M. Schwartz la regarda. Une angoisse nouvelle faisait diversion à sa détresse. La plume devint immobile entre les doigts de l’estropié.
– André Maynotte se porte comme un charme, poursuivit Lecoq, dont l’effronterie laissait percer une nuance d’embarras. Voilà le danger principal, le vrai danger, car André Maynotte est un scélérat.
– Vous mentez! coupa la baronne d’une voix nette.
À ce mot, Trois-Pattes tressaillit de la tête aux pieds comme s’il eût reçu la décharge d’une pile voltaïque. M. Lecoq s’inclina, remerciant avec ironie.
– Nul n’insultera devant moi André Maynotte, dit la baronne dont la noble taille s’était redressée.
Le baron balbutia dans l’excès de sa misère:
– Vous êtes donc toujours la femme de ce condamné?
– Oui, répondit-elle sans hésiter; dans mon cœur, toujours!
L’estropié prit à deux mains sa tête chevelue.
– L’idée ne m’était jamais venue de me brûler la cervelle, pensa le baron dont les yeux s’égaraient.
L’effet, médité par Lecoq, se produisait avec une effrayante violence. Le baron chancelait sous le choc trop brutal. Un grand éblouissement passait devant cet esprit formaliste et froid, habitué à des calculs, ne sortant jamais de ce cercle où l’algèbre de la Bourse parque ses ingénieuses équations. Une lueur de foudre établissait, parmi les menaces qui l’affolaient, une rapide et éclatante balance. Il voyait à la fois ce qui naissait de la fatalité et ce dont sa conscience lui reprochait la coupable origine.
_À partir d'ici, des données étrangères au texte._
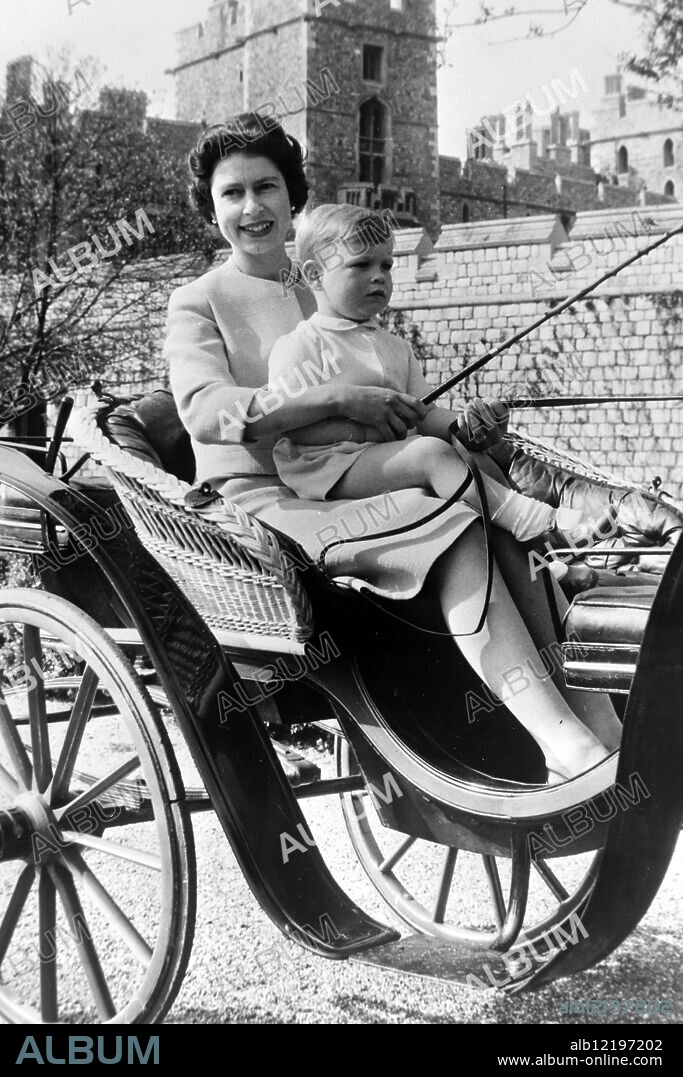 QUEEN ELIZABETH II WITH ANDREW IN A BUGGIE IN WINDSOR ;. 5 AUGUST 1962.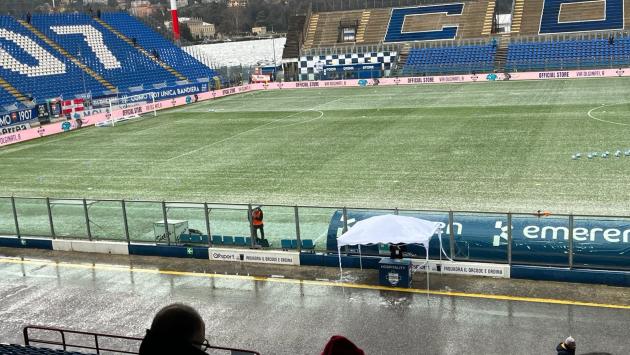 Violenta grandinata sul Sinigaglia: corsa contro il tempo per ripristinare l'agibilità del campo. Titolari Sohm e Benedyczak. E la coppia romena Mihaila Man sugli esterni - Como-Parma: le formazioni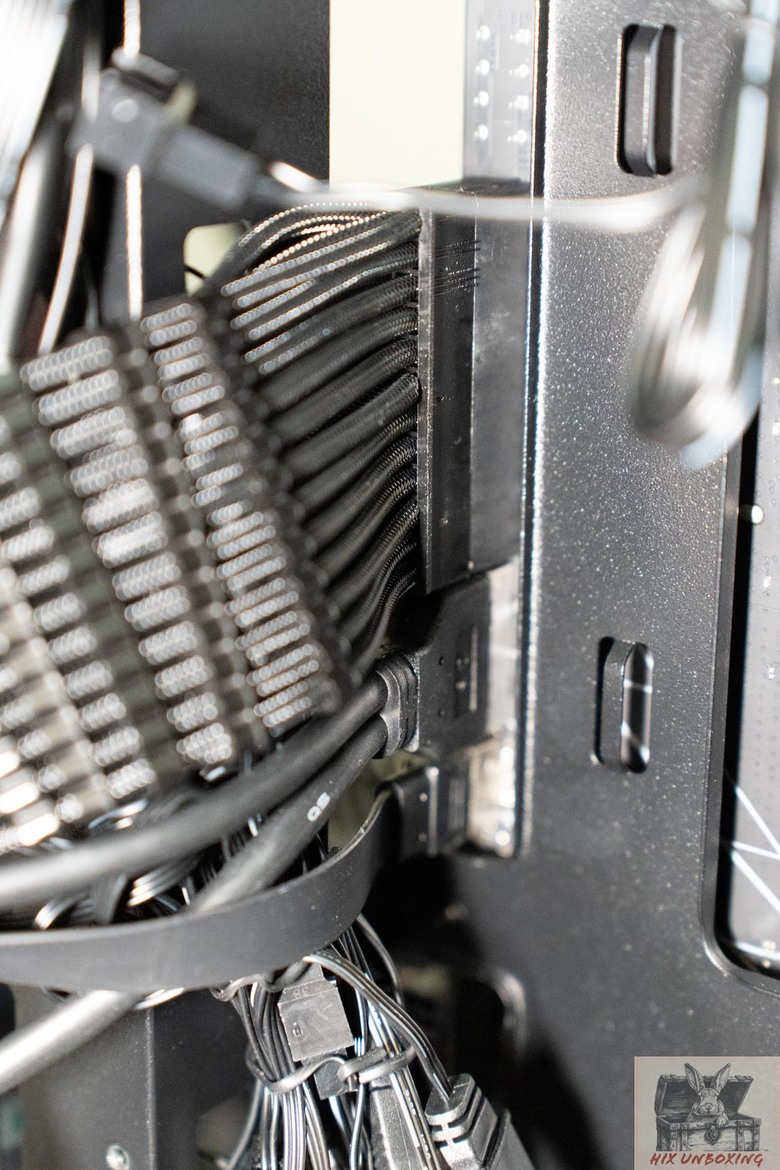 酷碼ELITE 681 ft.幾何未來ESKIMO Pro36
Car il y avait de ceci et de cela dans le malheur de cet homme. Son premier pas sur la route de la fortune piquait son souvenir comme la pointe d’un couteau; la mémoire de l’acte qui l’avait lié à une femme aimée était un remords.
Il y avait en outre ses rapports avec le colonel. M. le baron Schwartz fut épouvanté par les paroles de M. Lecoq, parce qu’il n’était pas pur selon sa propre conscience.
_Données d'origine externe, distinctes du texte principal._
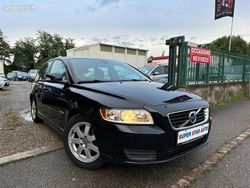 Noir Utilisé 2010 Volvo V50 Kinetic Break | 5 490 €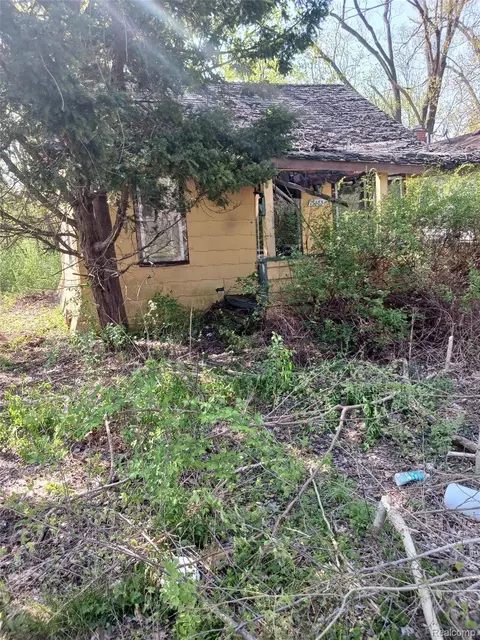 15485 Grayfield St, Detroit, MI 48223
Cet homme, qui n’était pas pur devant sa conscience, se croyait du moins, jusqu’à l’heure présente, net devant la loi. Mais la conscience seule est à l’abri de l’erreur. Tout le reste se trompe.
Quand ceux-là se sont trompés dans le bilan quasi loyal de leurs accommodements, la loi, leur fétiche, se dressant tout à coup en face d’eux, les change en pierre. Le baron Schwartz vit cette tête de Méduse: la loi qui l’abandonnait, la loi qui était contre lui!
Rien de pareil ne se passait dans l’esprit de la baronne: non point qu’il n’y eût au fond de son cœur une voix capable de faire entendre des reproches, mais au contraire parce que cette voix depuis longtemps parlait. Un jour, c’était peu de temps après la naissance de Blanche, le ménage allait paisiblement, quoique la jeune femme eût d’étranges mélancolies; l’élément affectueux ne manquait même pas tout à fait dans la maison, car il y a autour d’un berceau chéri je ne sais quelle atmosphère de tendresse; un jour, M. Schwartz s’absenta; c’était la première fois que Julie restait seule. Elle se rendit à Saint-Roch et commanda une messe mortuaire à laquelle nul ne fut invité; au retour de cette messe, où elle avait abondamment pleuré, elle se prépara pour un voyage. Nous savons le secret de cette mélancolie: l’autre enfant était loin, le cher enfant adopté par la nourrice Madeleine. Julie ne pouvait plus résister; il lui fallait un baiser de son fils. M. Schwartz n’était encore ni baron ni millionnaire; Julie se fit apporter une des malles de son mari pour voyager en poste.
La malle avait l’estampille du paquebot de Jersey.
Julie n’était ni jalouse ni espiègle. Le fond de son caractère était la réserve de ceux qui ont un secret à garder ou un souvenir à éteindre. Pourtant, elle ouvrit cette malle avec un mouvement de curiosité.
Dans cette malle il n’y avait rien, sinon une enveloppe poudreuse qui ne portait aucun timbre et qui était bourrée de papiers.
Mais le paquet avait une adresse qui sauta aux yeux de Mme Schwartz comme un éblouissement. Une défaillance la prit. Quand elle recouvra l’usage de ses sens, elle s’empara du paquet comme on fait d’une proie.